---------- RECORDS SHOWN
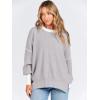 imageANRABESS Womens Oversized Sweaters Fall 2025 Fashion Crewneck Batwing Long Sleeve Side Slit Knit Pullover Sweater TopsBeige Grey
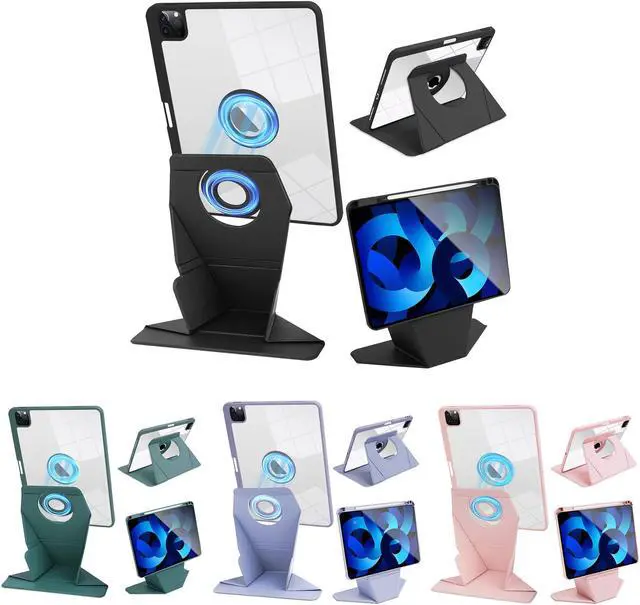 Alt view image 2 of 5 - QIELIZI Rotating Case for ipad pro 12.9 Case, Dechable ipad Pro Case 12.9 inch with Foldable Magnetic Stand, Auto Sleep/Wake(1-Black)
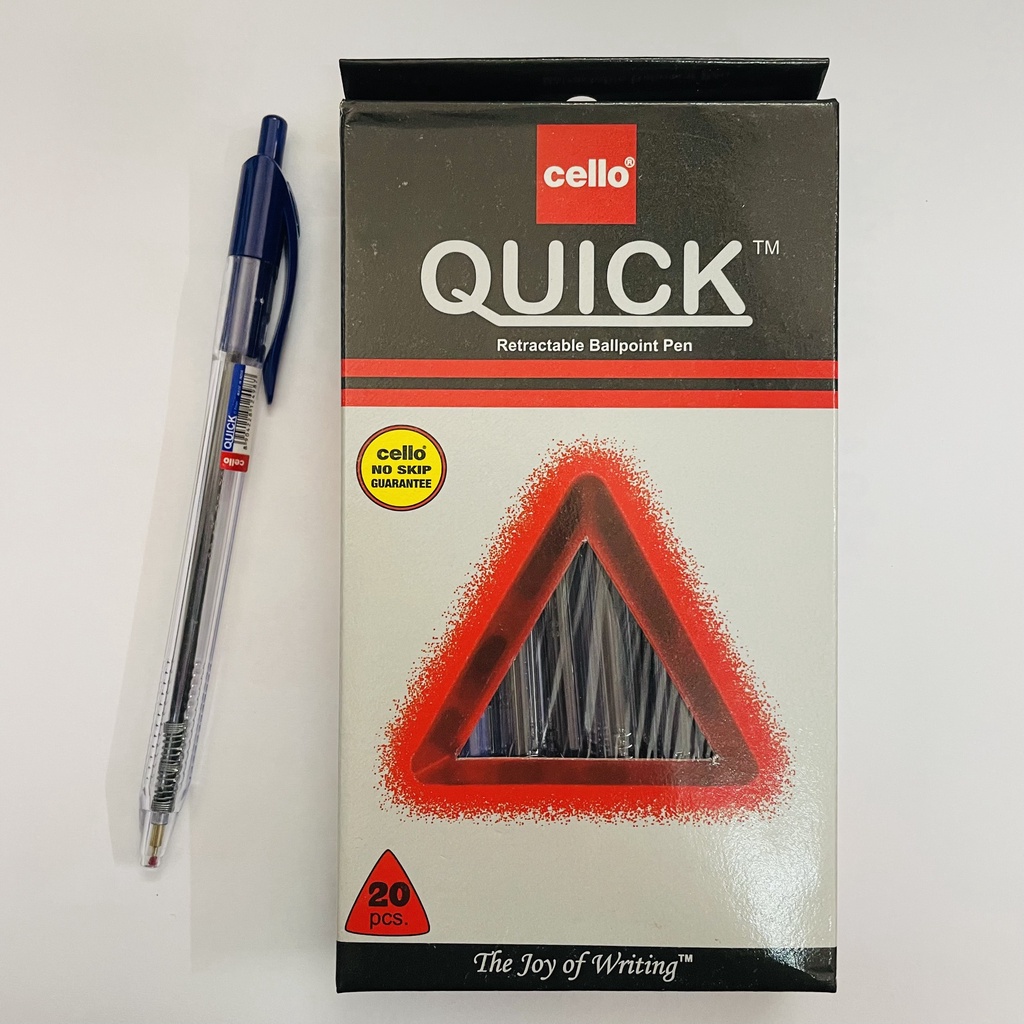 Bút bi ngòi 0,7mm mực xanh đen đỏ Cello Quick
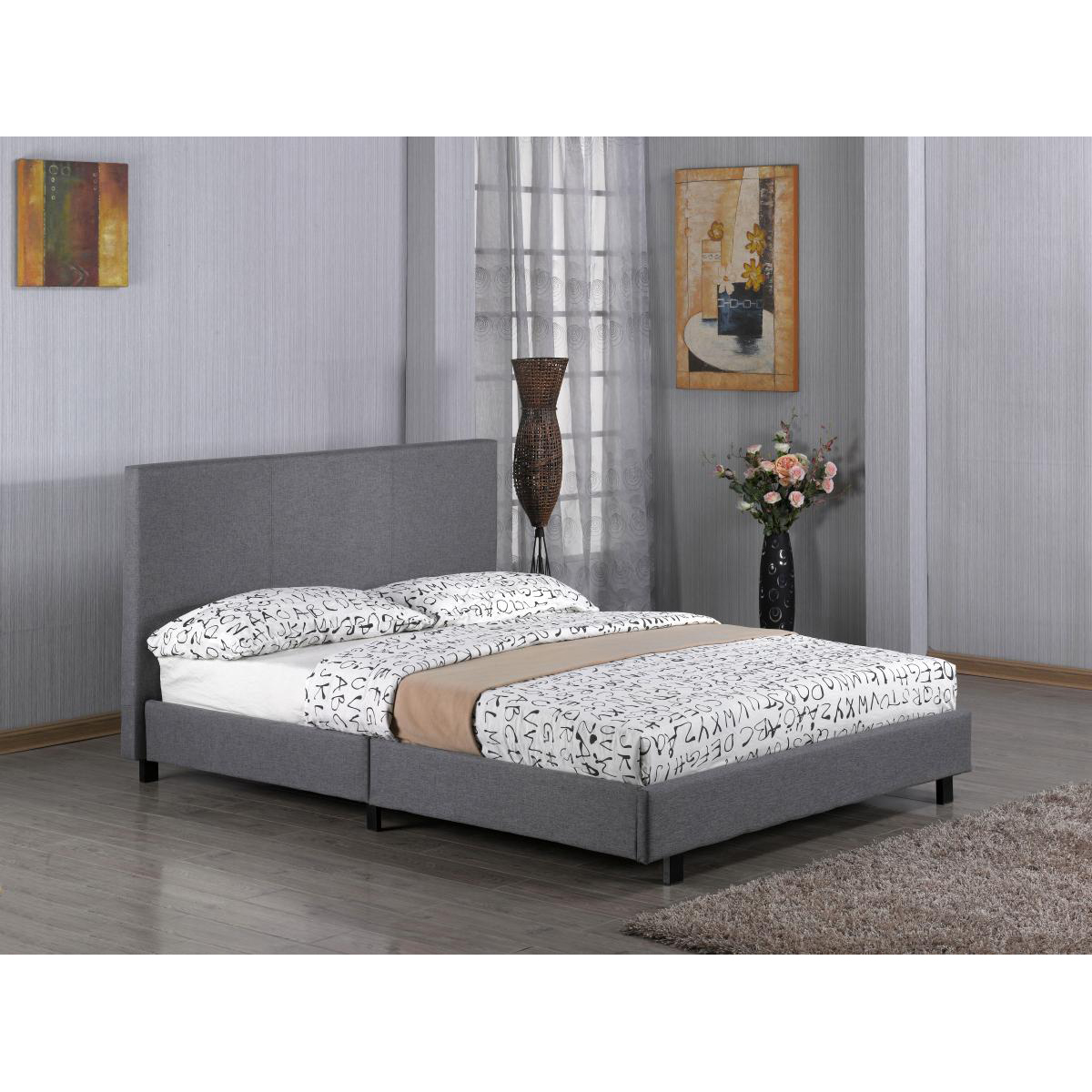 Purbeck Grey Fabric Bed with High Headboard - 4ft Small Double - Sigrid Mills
--------------------
---------- RECORDS SHOWN
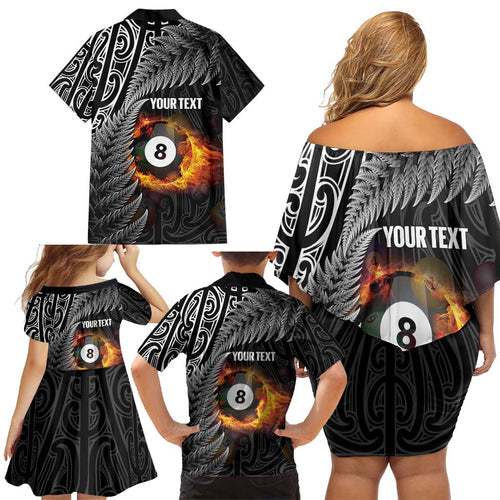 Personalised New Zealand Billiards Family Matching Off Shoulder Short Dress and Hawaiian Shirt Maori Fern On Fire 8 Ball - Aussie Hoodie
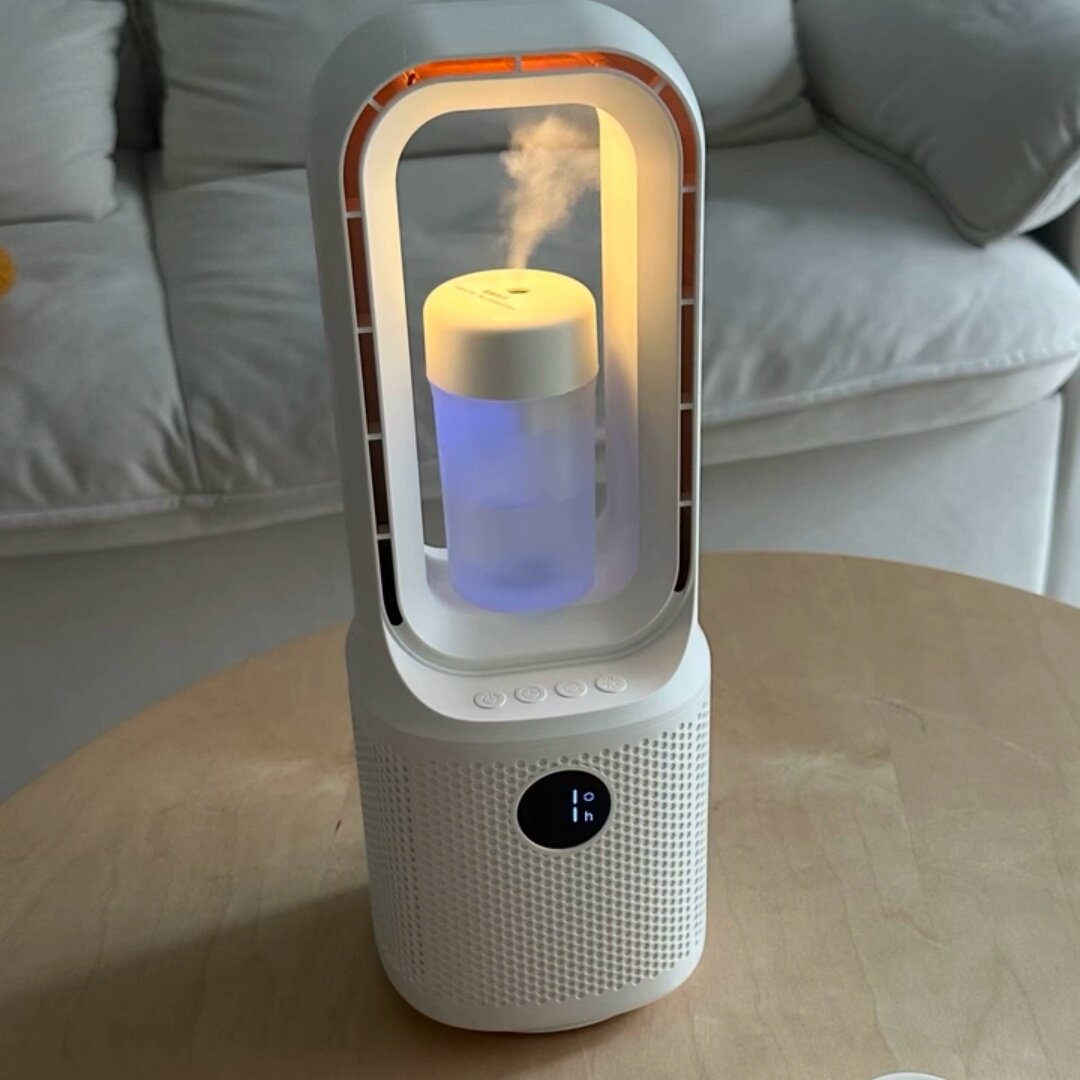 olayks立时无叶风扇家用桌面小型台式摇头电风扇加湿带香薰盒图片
--------------------
ASSIGNMENT -
In the listing above, find the line with "Alt view image" and output every line through the one with "Purbeck Grey Fabric", exactly, without the pictures.

SOLUTION TO THIS EXERCISE -
 Alt view image 2 of 5 - QIELIZI Rotating Case for ipad pro 12.9 Case, Dechable ipad Pro Case 12.9 inch with Foldable Magnetic Stand, Auto Sleep/Wake(1-Black)
 Bút bi ngòi 0,7mm mực xanh đen đỏ Cello Quick
 Purbeck Grey Fabric Bed with High Headboard - 4ft Small Double - Sigrid Mills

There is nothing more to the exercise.